**ABOUT THIS EXERCISE**
Leave the pictures out. Return all other data exactly.

**INPUT DATA**
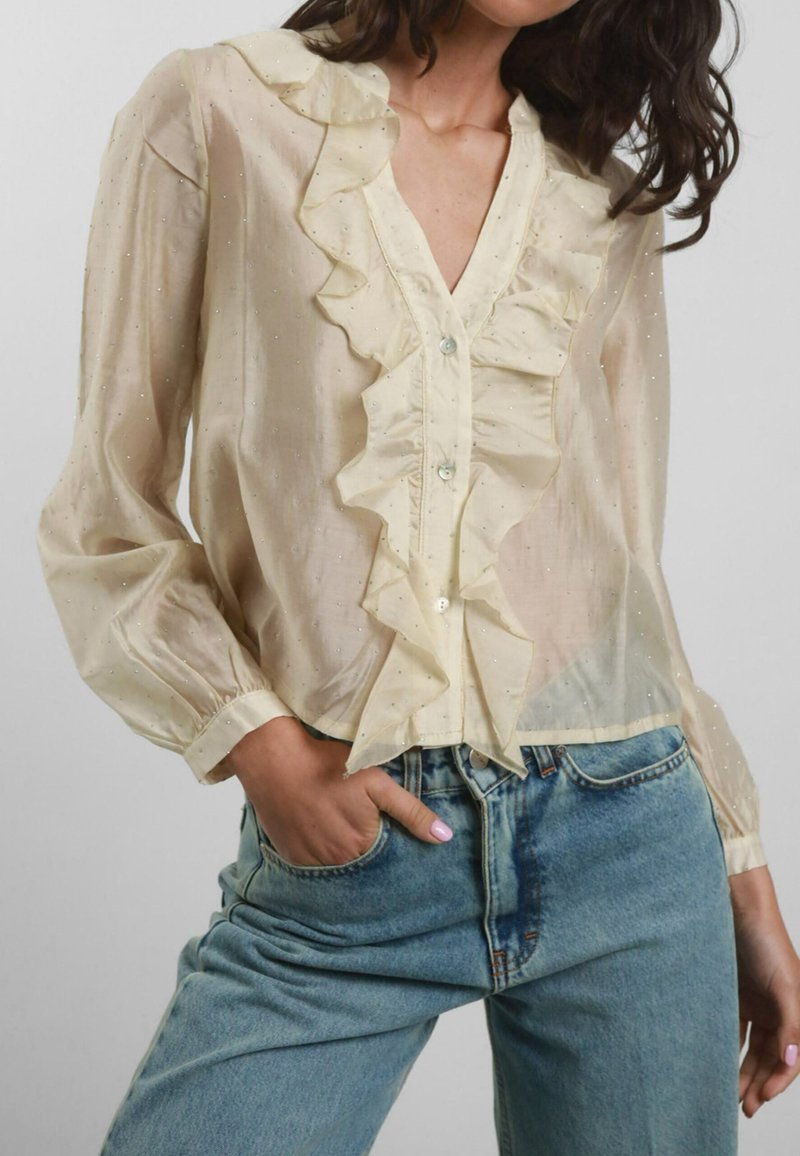 Blusa color crema con profilo arricciato sul davanti, chiusura a bottoni e maniche lunghe. Il tessuto �è trasparente con sottili motivi a pois metallici. Abbinata a jeans blu.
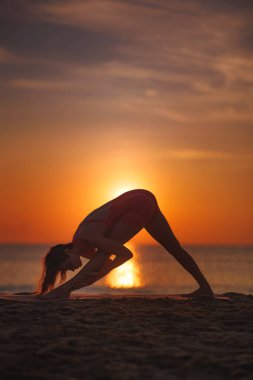 Gün batımında plajda yoga yapan, siluette yakalanmış sağlıklı bir kadın. Esnekliği, farkındalığı ve dengeyi kucaklayarak ileri doğru derin bir dönüş sergiliyor. Sağlık ve meditasyon için mükemmel.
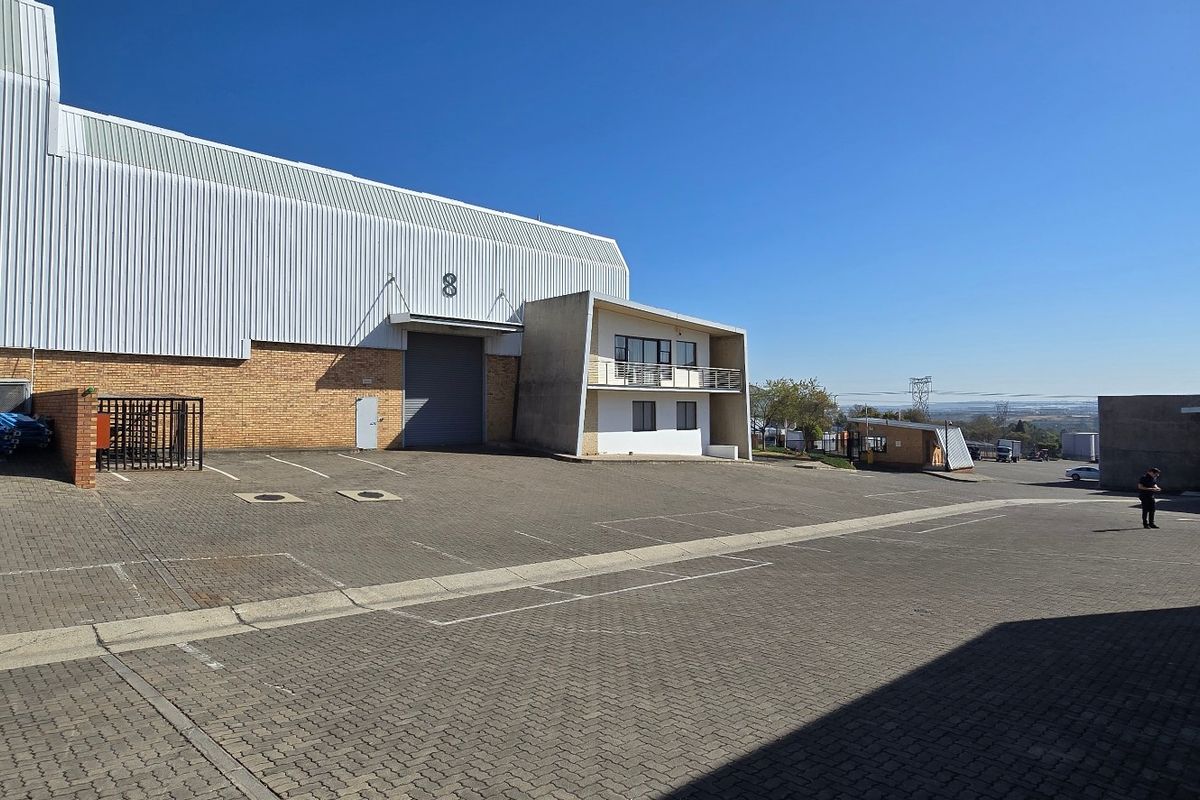 Industrial warehouse facility featuring a large paved yard, roller shutter access, and an attached office component with a balcony.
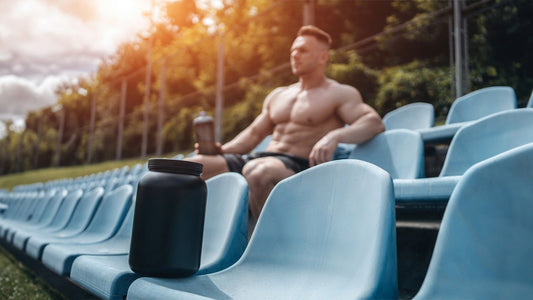 How Long Does Creatine Take to Work? Muscular man sitting outdoors in a sports park setting with a creatine shake in his hand and a bottle of creatine in the row of seats in the foreground.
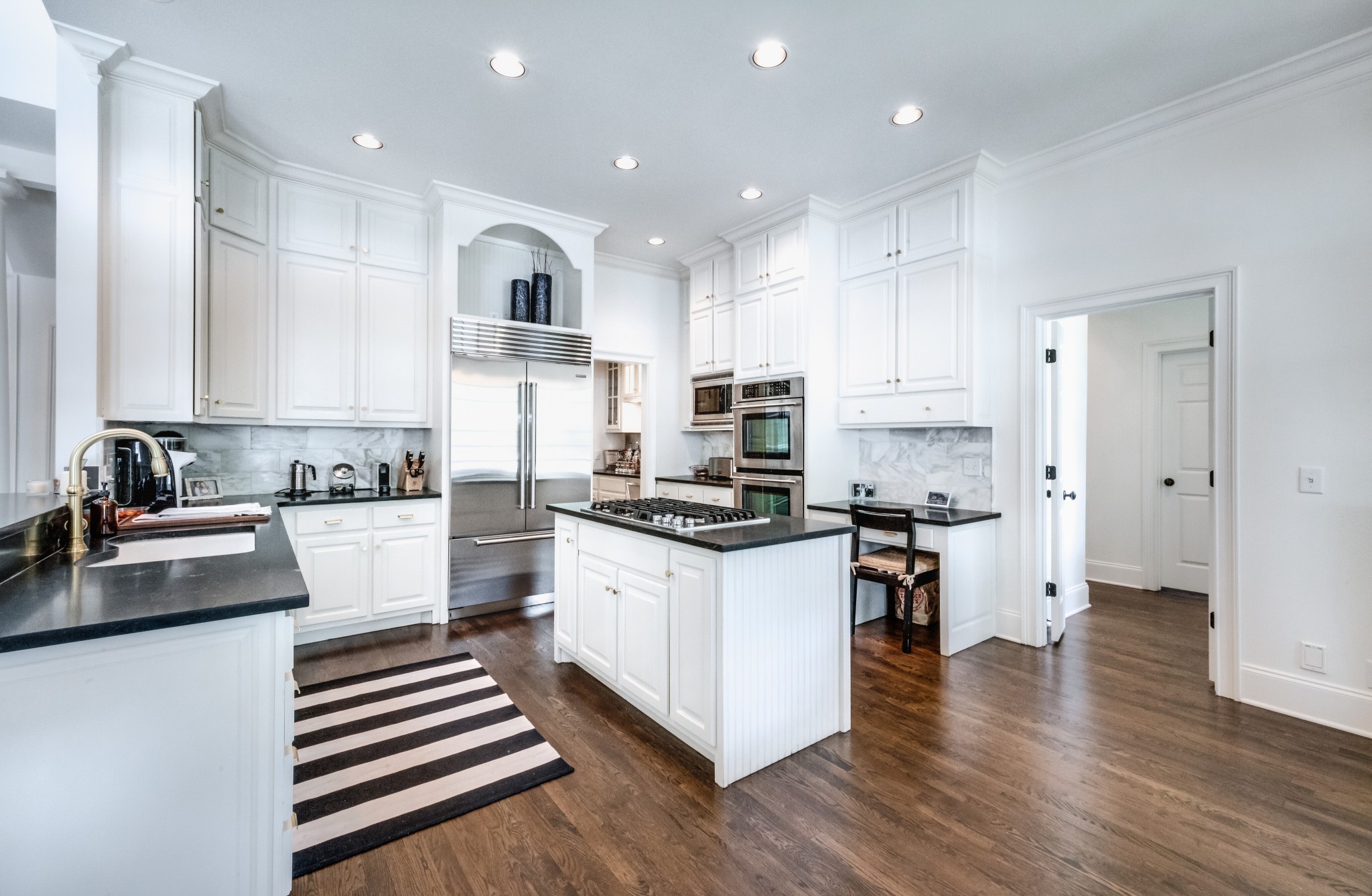 114 Cheek Road Nashville, TN 37205 - Photo 15 of 50 a kitchen with stainless steel appliances a refrigerator a stove and white cabinets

**WRITTEN SOLUTION**
 Blusa color crema con profilo arricciato sul davanti, chiusura a bottoni e maniche lunghe. Il tessuto �è trasparente con sottili motivi a pois metallici. Abbinata a jeans blu.
 Gün batımında plajda yoga yapan, siluette yakalanmış sağlıklı bir kadın. Esnekliği, farkındalığı ve dengeyi kucaklayarak ileri doğru derin bir dönüş sergiliyor. Sağlık ve meditasyon için mükemmel.
 Industrial warehouse facility featuring a large paved yard, roller shutter access, and an attached office component with a balcony.
 How Long Does Creatine Take to Work? Muscular man sitting outdoors in a sports park setting with a creatine shake in his hand and a bottle of creatine in the row of seats in the foreground.
 114 Cheek Road Nashville, TN 37205 - Photo 15 of 50 a kitchen with stainless steel appliances a refrigerator a stove and white cabinets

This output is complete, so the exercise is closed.